____ Data for analysis
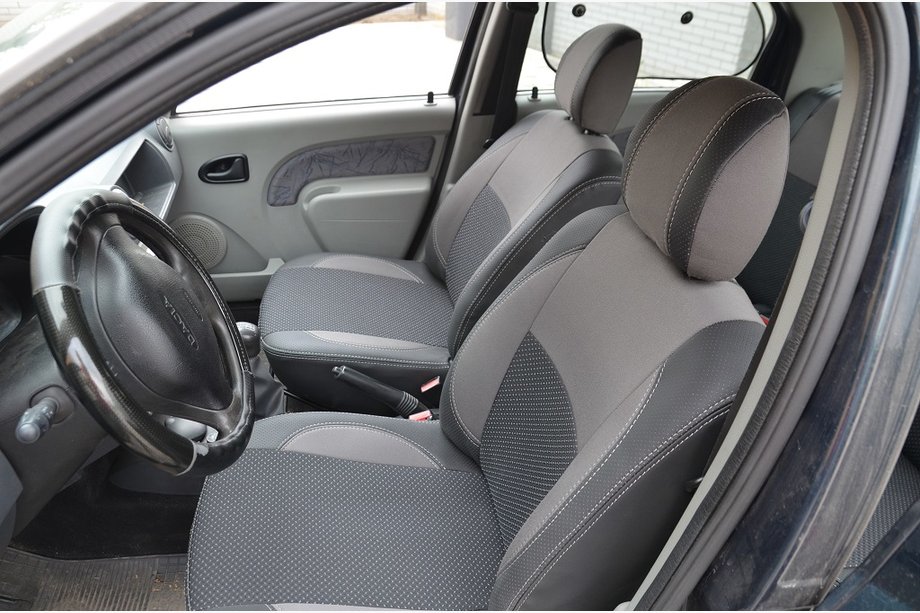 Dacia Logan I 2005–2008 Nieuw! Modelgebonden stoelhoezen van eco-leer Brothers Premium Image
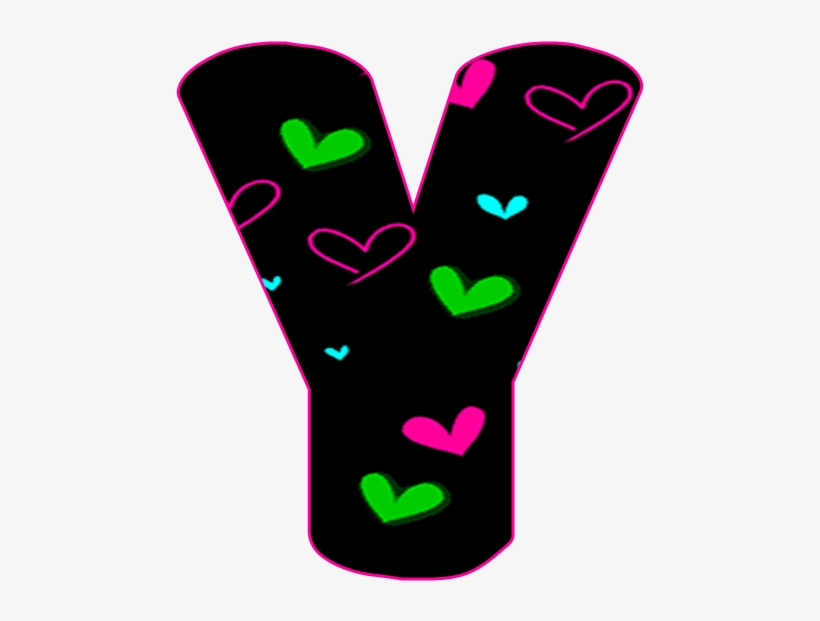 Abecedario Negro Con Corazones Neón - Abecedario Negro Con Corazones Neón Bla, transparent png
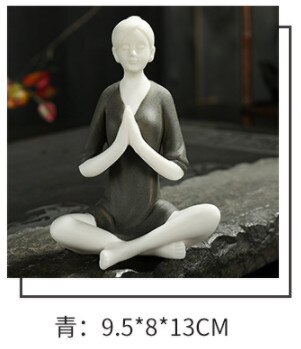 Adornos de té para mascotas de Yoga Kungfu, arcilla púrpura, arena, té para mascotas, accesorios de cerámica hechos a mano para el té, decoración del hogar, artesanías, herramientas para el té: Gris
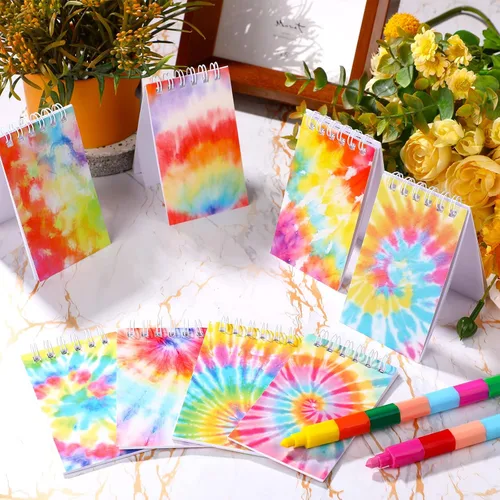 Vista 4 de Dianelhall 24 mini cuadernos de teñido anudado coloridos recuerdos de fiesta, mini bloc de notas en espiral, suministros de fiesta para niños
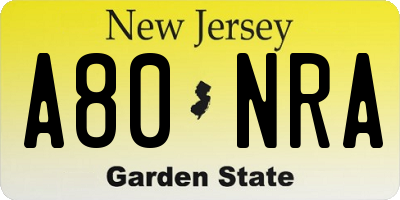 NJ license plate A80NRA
________
Task description. Return the complete data unchanged and include none of the pictures.

Your solution.
 Dacia Logan I 2005–2008 Nieuw! Modelgebonden stoelhoezen van eco-leer Brothers Premium Image
 Abecedario Negro Con Corazones Neón - Abecedario Negro Con Corazones Neón Bla, transparent png
 Adornos de té para mascotas de Yoga Kungfu, arcilla púrpura, arena, té para mascotas, accesorios de cerámica hechos a mano para el té, decoración del hogar, artesanías, herramientas para el té: Gris
 Vista 4 de Dianelhall 24 mini cuadernos de teñido anudado coloridos recuerdos de fiesta, mini bloc de notas en espiral, suministros de fiesta para niños
 NJ license plate A80NRA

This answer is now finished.